DEV Talk: Generalized Raking for Survey Weighting

In the world of surveys, it is very common that our acquired responses need to be weighted in order to achieve a sample that is representative of some target population. This process of weighting simply consists of assigning a weight (a.k.a. factor) to each respondent and calculating all survey results as a weighted sum of respondents.

For example, we might have surveyed 100 male respondents and 150 female respondents but we're targeting a male/female ratio of 48%/52%. In this simple case, we could achieve the target ratio by weighting the male responses by a factor of 0.48 / (100 / (100 + 150)) = 1.2 and weighting the female responses by 0.52 / (150 / (100 + 150) = 0.867. The technical term for this method of computing weights is Post-Stratification.

However, in a more complex scenario, where we have many different measurable demographic targets, how can we determine weights for all the survey respondents?

Raking

At Potloc, it is very common that our clients desire survey populations matching a lot of such targets. For example, we might have targets looking like this:

  • 42% male
  • 58% female
  • 20% students
  • 80% non-students
  • 15% dog owners

In this setting, weights cannot be calculated using a simple ratio as in the male/female example shown above. Here, we instead need to rely on more involved algorithms, notably a process called Raking.
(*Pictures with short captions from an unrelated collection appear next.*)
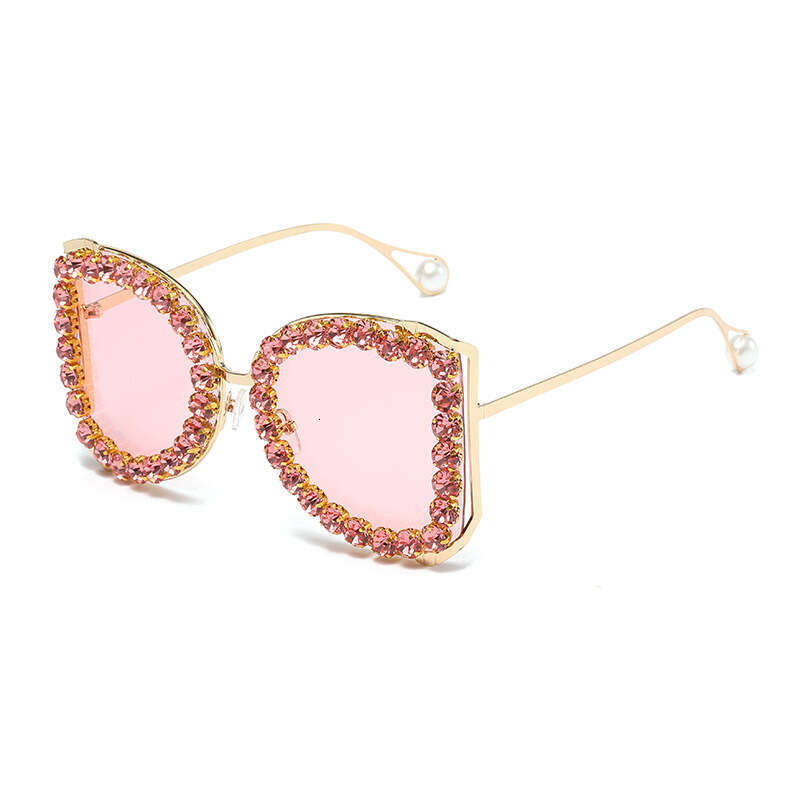 European and American New Style Diamond-Studded High-End Luxury Cross-Border Trend Women's Large Frame Sunglasses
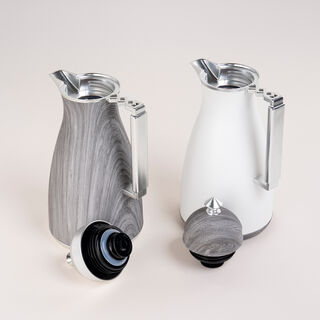 Dallaty 2 Pieces Plastic Vacuum Flask Koufa Gray Wood 1L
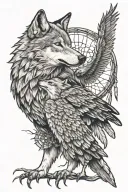 wolf consoling eagle mother son love with dreamcatcher tattoo design idea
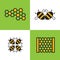 Four emblem or logo beekeeping, honey company or store with the image of bees and honeycomb.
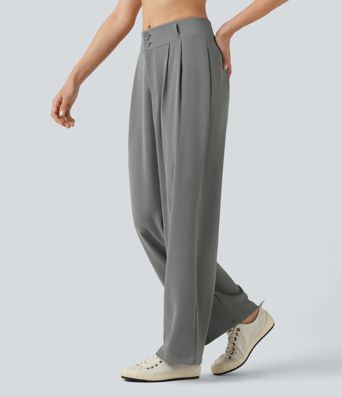 Pantalon tailleur Halara Flex™ à taille mi-haute, coupe droite et froncée, avec poches Pantalon tailleur Halara Flex™ à taille mi-haute, coupe droite et froncée, avec poches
Iterative Proportional Fitting

One common approach to solve the problem of finding good weights that will satisfy our demographic targets is Iterative Proportional Fitting. In this method, weights for each respondent are computed for a single target at a time using Post-Stratification. By iteratively computing this for each target and repeating it a few times, the weights end up converging to values that satisfy our targets.

Great! Problem solved!

...but what if we could do even better? 🤔

Generalized Raking

Beyond satisfying the demographic targets, the most desirable property for the weights is that they should be as close as possible to 1. Indeed, weights that are really large mean that those respondents' responses will count for a lot more than the "average" respondent in our survey results. For example, a respondent with a weight of 10 will count for 10 times more than the average respondent, and 100 times more than a respondent with a weight of 0.1. Similarly, small weights mean that some responses will have very little impact on the final results.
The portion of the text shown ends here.